* Required work *
Output the data exactly, with every line intact.

* Information supplied *
# # # # #

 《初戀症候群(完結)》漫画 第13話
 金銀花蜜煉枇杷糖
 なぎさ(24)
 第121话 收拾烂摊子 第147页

# # # # #

* Problem solution *
 《初戀症候群(完結)》漫画 第13話
 金銀花蜜煉枇杷糖
 なぎさ(24)
 第121话 收拾烂摊子 第147页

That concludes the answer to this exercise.